В ходе того инволюционного процесса, о котором мы говорили во вступлении, подобные взгляды постепенно исчезают. В таких учениях как буддизм или даосизм переход от метафизического к церковно-религиозному уровню бросается в глаза; это регрессия, являющаяся результатом распространения и профанации внутренней, изначальной доктрины, которую большинство не способно понять и правильно следовать ей. На Западе церковно-религиозное понимание сакрального и трансцендентного, присущее исключительно народным или регрессивным формам других учений, неотвратимо стало господствующим и почти исключительным.

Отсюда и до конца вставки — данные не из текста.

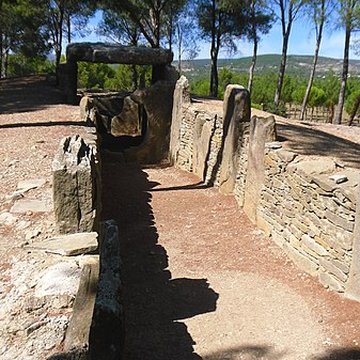 Dolmen des Fades ou Palet de Roland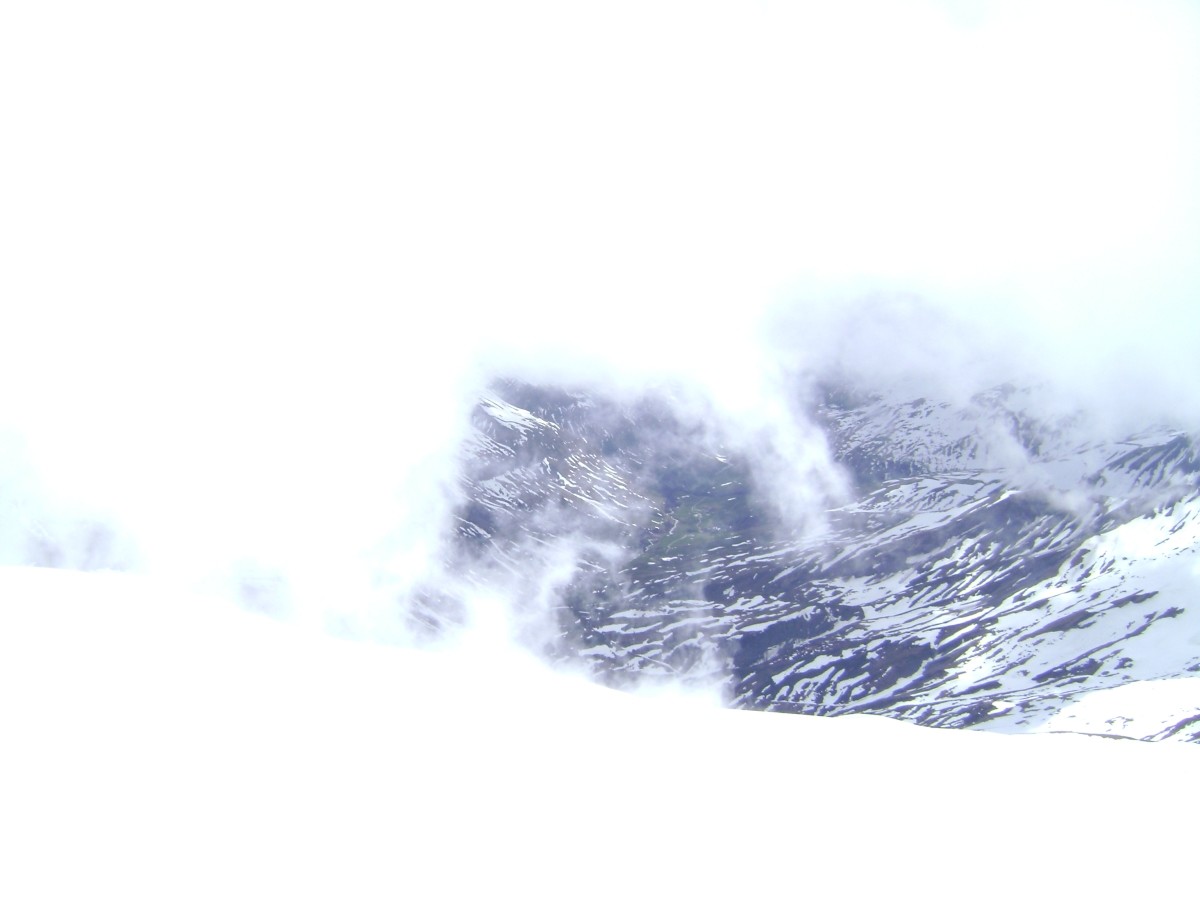 Une trouée sur la vallée
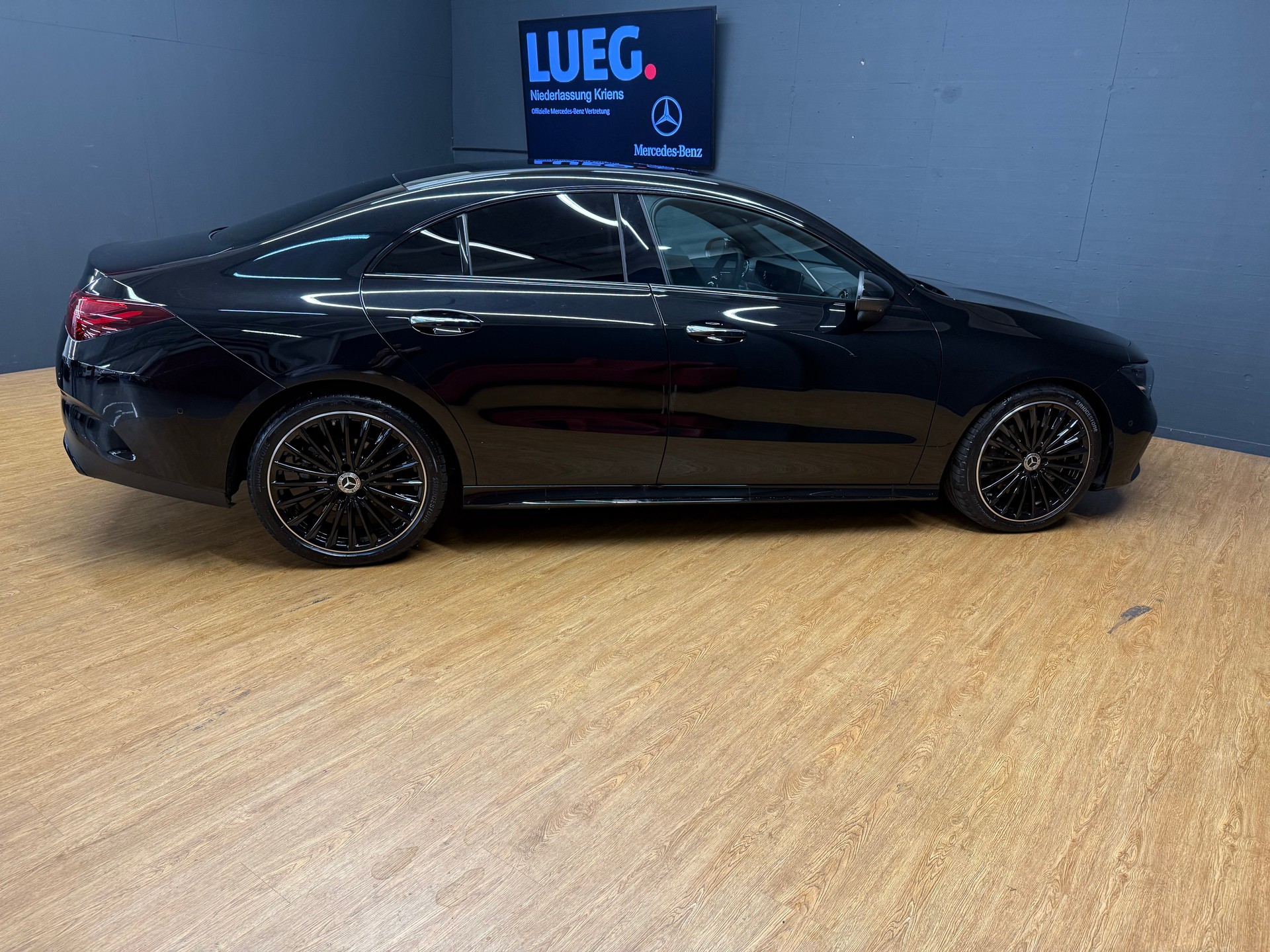 MERCEDES-BENZ CLA 200 - AMG / DISTRONIC / 360 Grad Kamera / Multibeam LED-image-7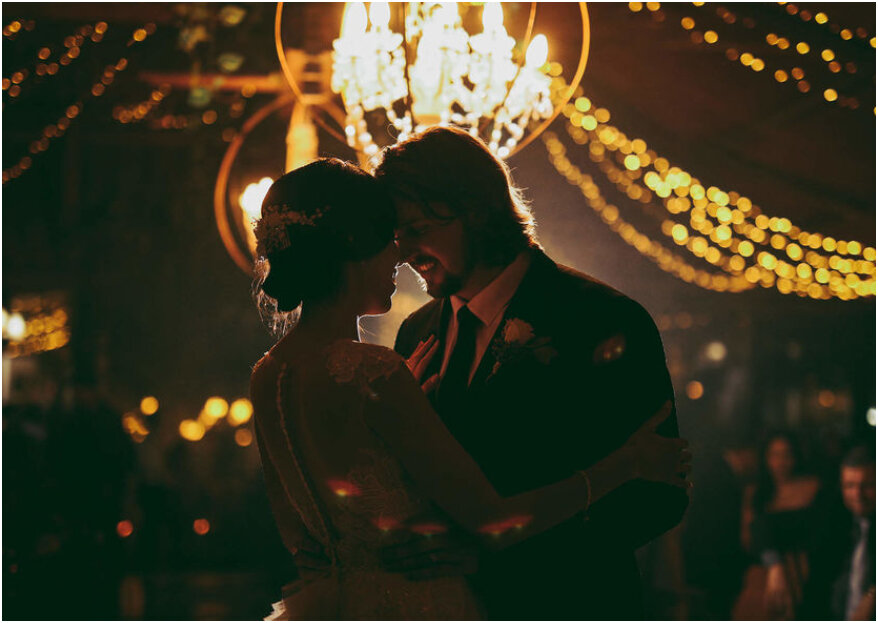 15 canciones románticas en español para el baile de tu boda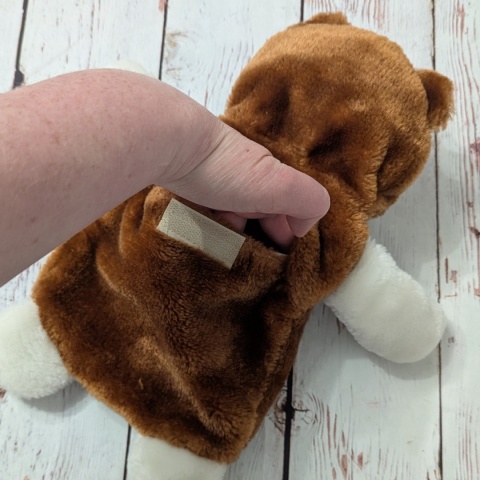 Miś ze skrytką na karty, rekwizyty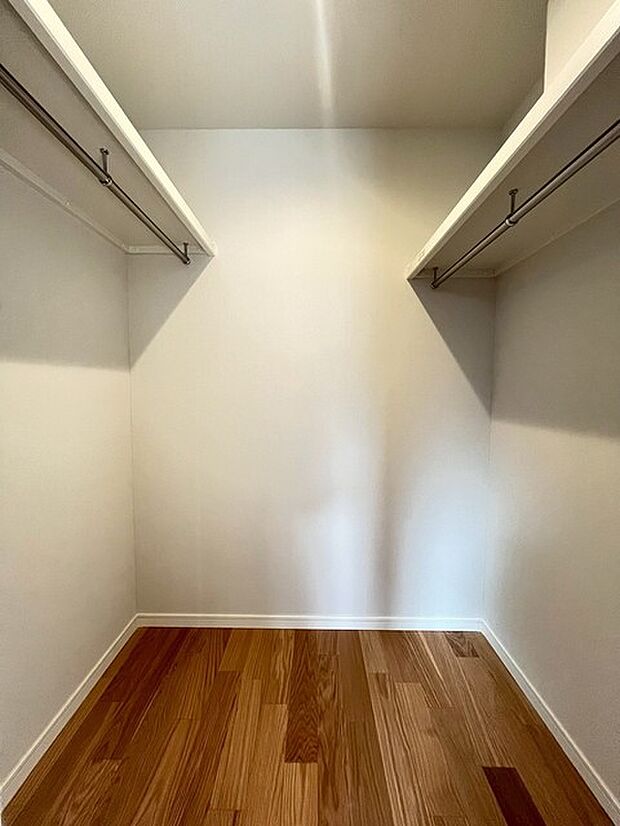 大容量クローゼット付き!家族の成長と共に増える荷物もスッキリ収納。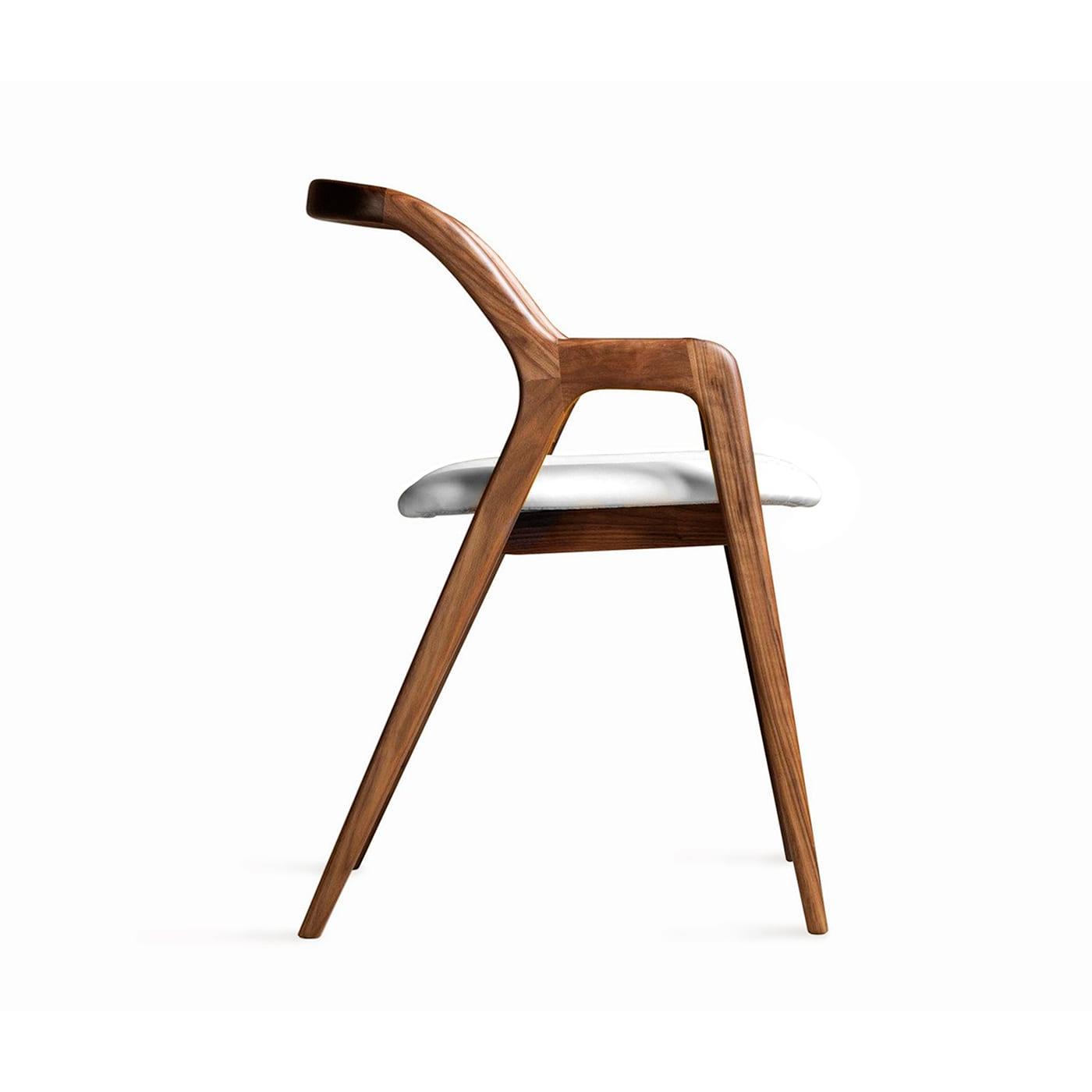 Sedia In Breve Noce Naturale | Rivestimento: Leather PANDORA 602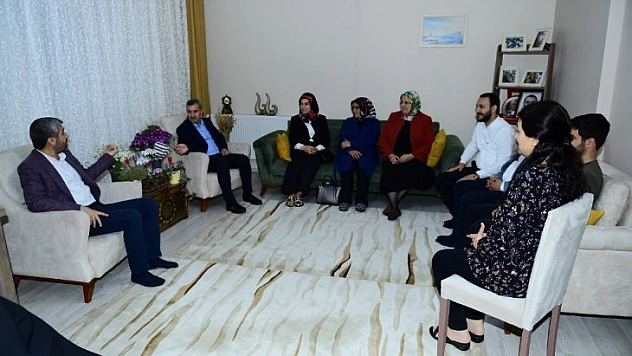 Başkan Çınar'dan şehit ailesine ziyaret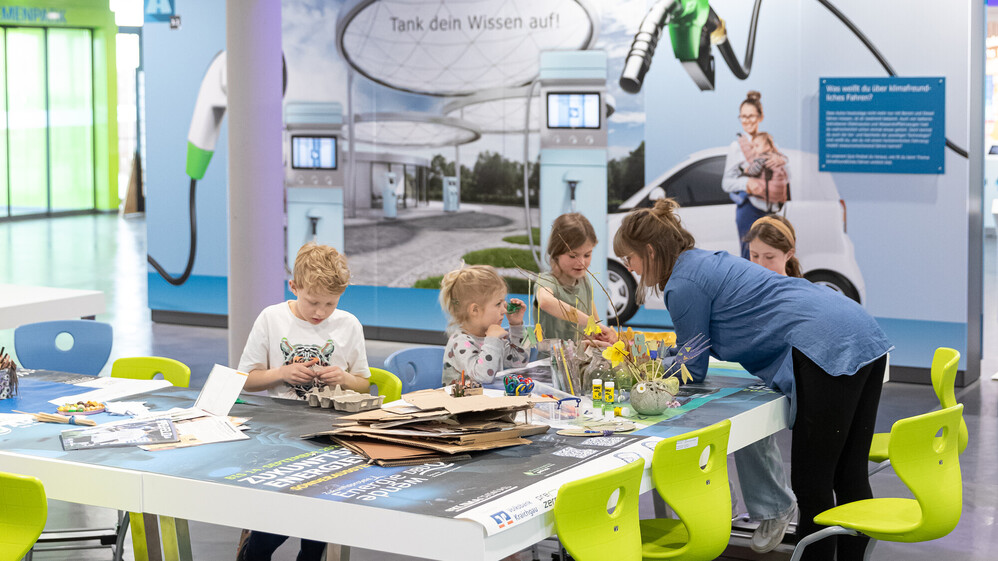 Kinder in der Kreativwerkstatt beim Basteln.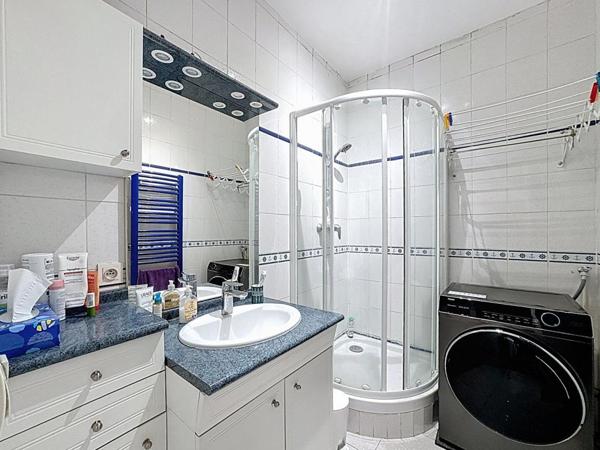 À deux pas de la gare de Bièvres Dernier étage avec terrasse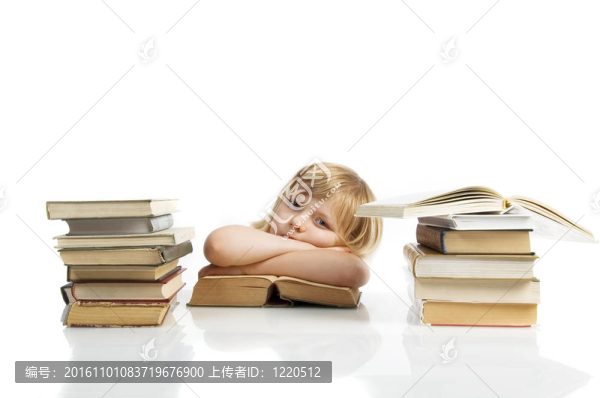 帶著書的女孩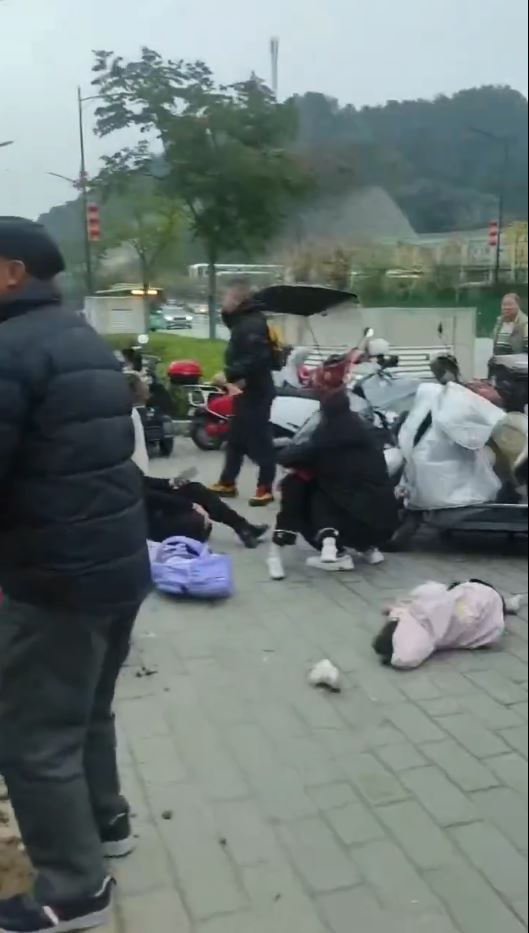 白色私家車撞入等過馬路的人群，造成嚴重傷亡。Ｘ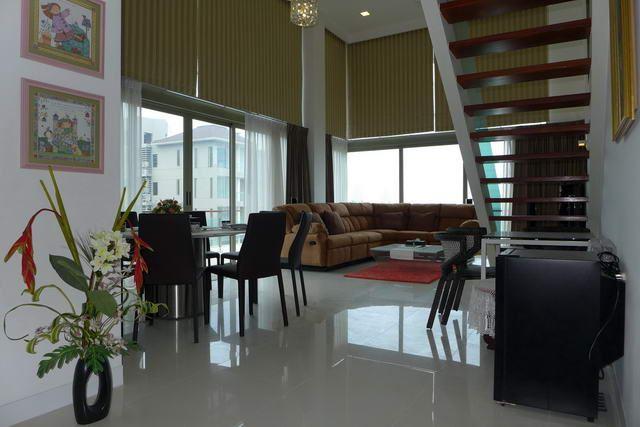 Condominium for sale Naklua showing the dining and living areas Condominium for sale Naklua showing the dining and living areas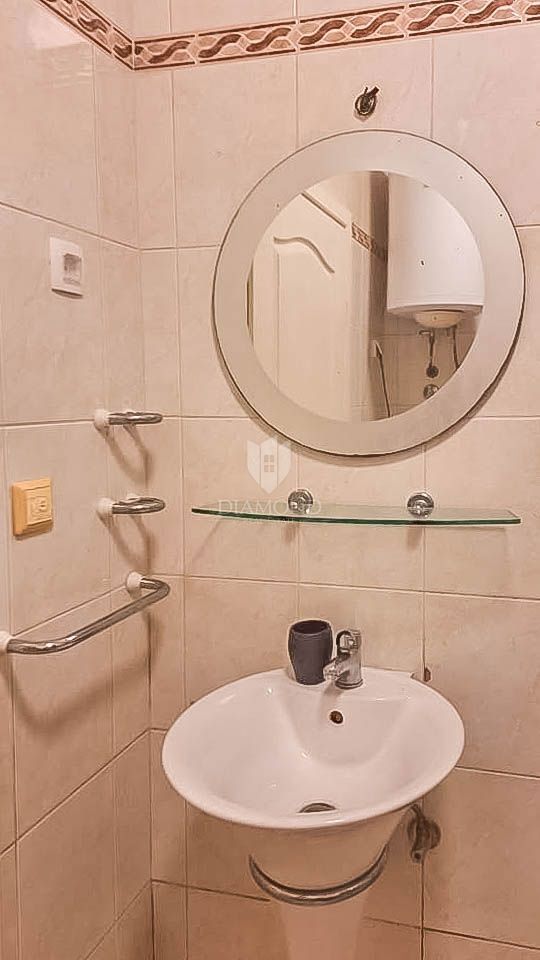 Rovigno, appartamento al piano terra in una strada tranquilla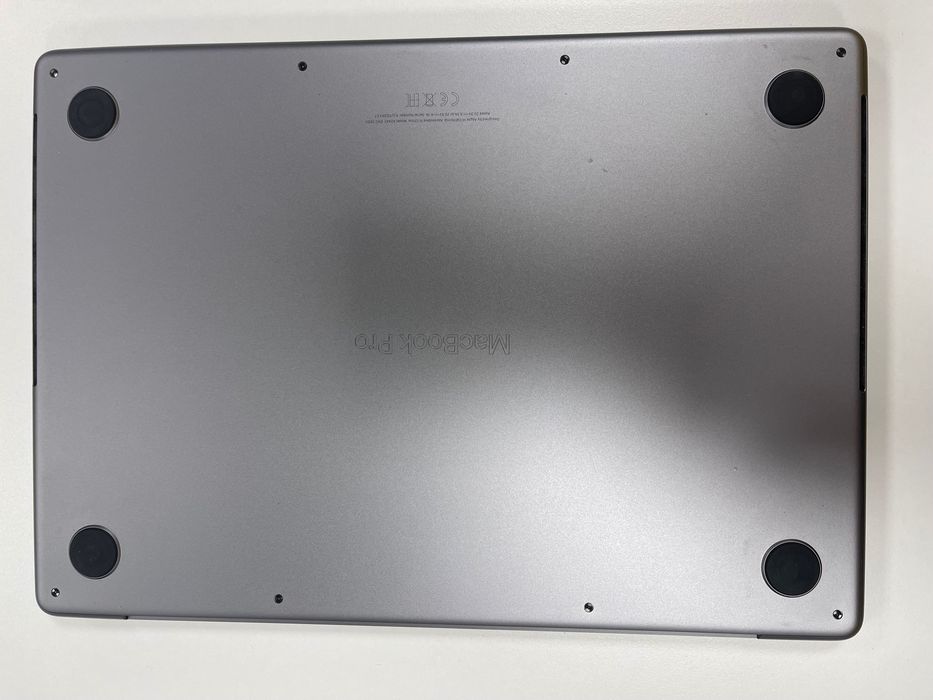 MacBook Pro 14'' M1  32GB RAM 512GB SSD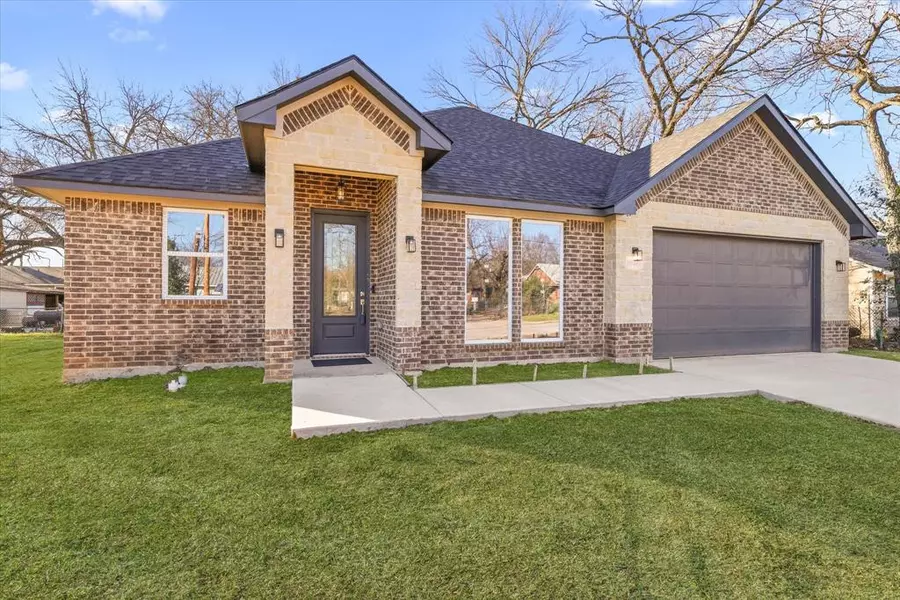 5940 Wall Avenue, Haltom City, TX 76117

Однако следует отметить, что даже в христианском мире, за рамками мистики Иоанна, можно найти достаточно указаний на грядущий век высшей свободы; так Иоахим Флорский описывает «третье царство», царство Святого Духа, должное прийти на смену царствам Отца и Сына, именно как царство свободы, следуя в этом тем же идеям, которыми вдохновлялись так называемые «Братья Свободного Духа», провозглашавшие «аномию», свободу от Закона, от добра и зла, причём нередко в таких выражениях, на которые не осмелился бы даже ницшеанский сверхчеловек.